The development of the ESS is mapped into 5 key stages:
2. Alpha (Prototype)
3. Private Beta
4. Public Beta
The version that HMRC showed me last month was of an Alpha prototype. Anyone who self-assesses their tax online will be very familiar with the ‘look and feel’ of the application. The health warning attached by our HMRC presenters was that the question-set was linear, meaning it didn’t follow the intended decision ‘tree’ and also that the algorithm (matrix of matrices) to decide the result wasn’t present. So any result was for test purposes only. Even with these constraints, I was still able to get a decent feel for the ‘service’.
What the ESS will ask (and in what order)
Firstly, the ESS starts deciding who you are; an engager, agency or worker.
It then asks you whether the assignment has started or is due to start (this is relevant later).

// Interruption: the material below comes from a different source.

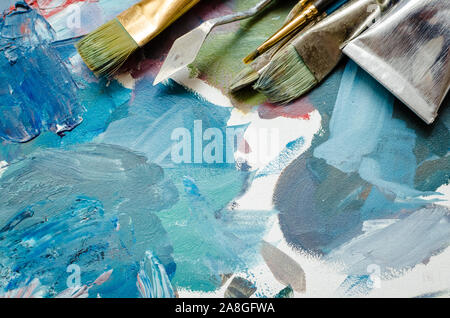 Artist paint brushes and oil paint tubes on wooden palette. Texture mixed oil paints in different colors. Instruments and tools for creative leisure. Stock Photo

The next step takes you through the same question-sets but the language is relevant to the audience. The questions centre on the key areas you would expect -- Supervision, Direction, Control, for example, and ‘business setup.’
Outcomes of the ESS
Your answers are finally all rolled up to give a decision of:
- Inside IR35; or
- Outside IR35; or
- Seek Further Guidance.
Reassuringly for those who suspect the ESS is nothing more than a loaded dice, there is only one question which automatically rules an assignment as inside IR35, and that is around being an officer of the client.
It will also be pleasing to contractors and PSCs using it that ESS is an anonymous service. Once the IR35 decision has been made however, you can download or print it as a PDF as proof. My suggestion to HMRC that the result should also be directly email-able is both practical and environmentally-friendly. It would also give everyone surety that it’s not been Photoshopped!

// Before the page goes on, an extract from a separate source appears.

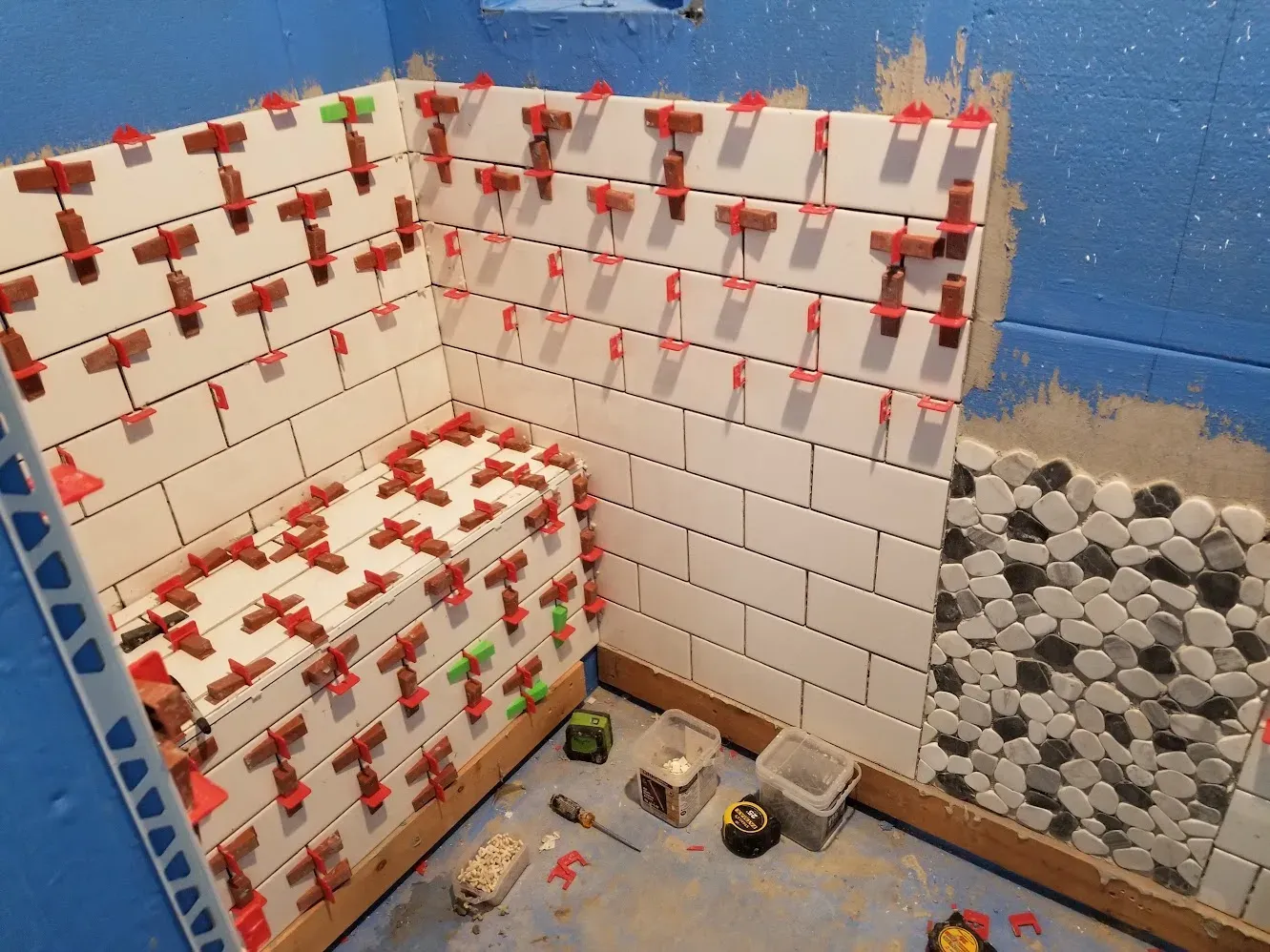 Walk-in shower floor tile being installed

ESS: Once to assess, twice to validate?
Based on what I’ve seen of the ESS, I expect that the service will have to be used twice -- firstly to assess the assignment, and then secondly to validate the assignment in respect of that worker’s business setup. It won’t be enough that the role be outside IR35, because the worker must also operate their affairs in a manner outside the legislation.
I also learnt from my HMRC meeting that the ESS won’t be the finished article (Stage 5, above) until March. That should concern everyone, given that these significant changes will be enforced from April, the following month. Implementing the changes for many agencies and end-clients is going to be tough as it is, but this start date is cutting it too fine. They may be slightly reassured that IR35 advisers regularly in touch with the Revenue now describe the launch of the ESS, in some form at least, as imminent.
Editor’s Note: The views expressed in this article are those of the author, Andy Hallett. They do not necessarily reflect the views of SThree Partnership LLP.